0

Have built a Reinforcement Learning DQN with variable length sequences as inputs, and positive and negative rewards calculated for actions. Some problem with my DQN model in Keras means that although the model runs, average rewards over time decrease, over single and multiple cycles of epsilon. This does not change even after significant period of training. Single cycle of epsilon, average rewards decreasing

Multiple cycles of epsilon, average rewards decreasing

My thinking is that this is due to using MeanSquareError in Keras as the Loss function (minimising error). So I am trying to implement gradient ascent (to maximise reward). How to do this in Keras? My current model is:

model = Sequential()
inp = (env.NUM_TIMEPERIODS, env.NUM_FEATURES)
model.add(Input(shape=inp))  # 'a shape tuple(integers), not including batch-size
model.add(Masking(mask_value=0., input_shape=inp))

model.add(LSTM(env.NUM_FEATURES, input_shape=inp, return_sequences=True))
model.add(LSTM(env.NUM_FEATURES))
model.add(Dense(env.NUM_FEATURES))
model.add(Dense(4))

model.compile(loss='mse,
              optimizer=Adam(lr=LEARNING_RATE, decay=DECAY),
              metrics=[tf.keras.losses.MeanSquaredError()])

In trying to implement gradient ascent, by 'flipping' the gradient (as negative or inverse loss?), I have tried various loss definitions:

loss=-'mse'    
loss=-tf.keras.losses.MeanSquaredError()    
loss=1/tf.keras.losses.MeanSquaredError()

but these all generate bad operand [for unary] errors.

How to adapt current Keras model to maximise rewards ? Or is this gradient ascent not even the problem?

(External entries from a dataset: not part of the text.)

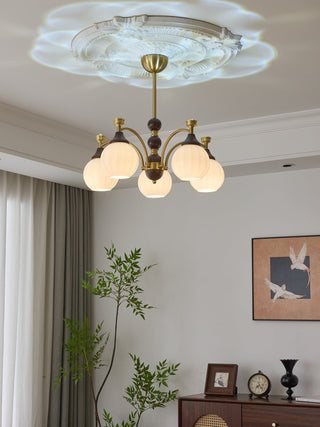 Illoros Lustre en Bois Élégance Traditionnelle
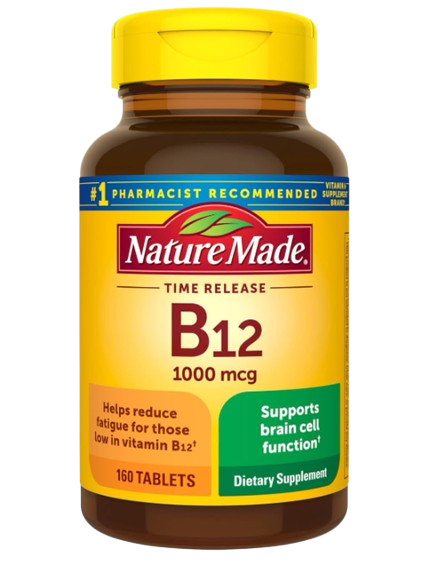 Energy Support from B12 vitamins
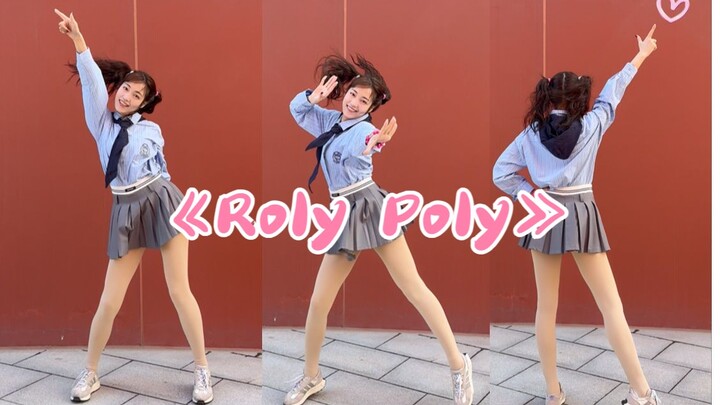 Cute! Happy retro dance "Roly Poly" ~
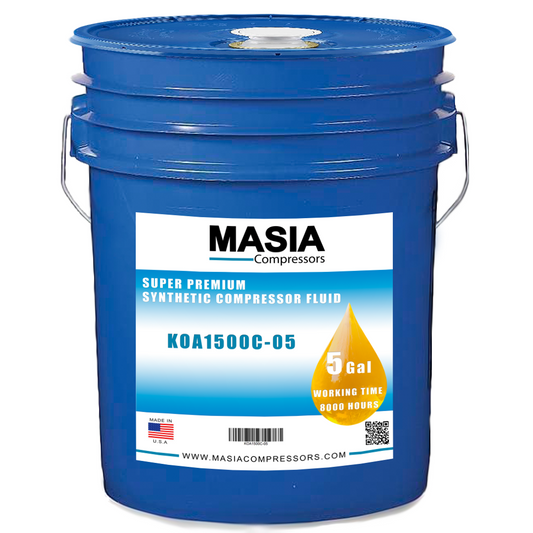 KOA1500C Masia Compressors Diester Synthetic Lubricant Reciprocating Compressor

Could it be some issue with the action policy?

MarkD
  • 395
  • 3
  • 14

1 Answers1

1

Writing a custom loss function

Here is the loss function you want

@tf.function
def positive_mse(y_true, y_pred):
    return -1 * tf.keras.losses.MSE(y_true, y_pred)

And then your compile line becomes

model.compile(loss=positive_mse,
          optimizer=Adam(lr=LEARNING_RATE, decay=DECAY),
          metrics=[tf.keras.losses.MeanSquaredError()])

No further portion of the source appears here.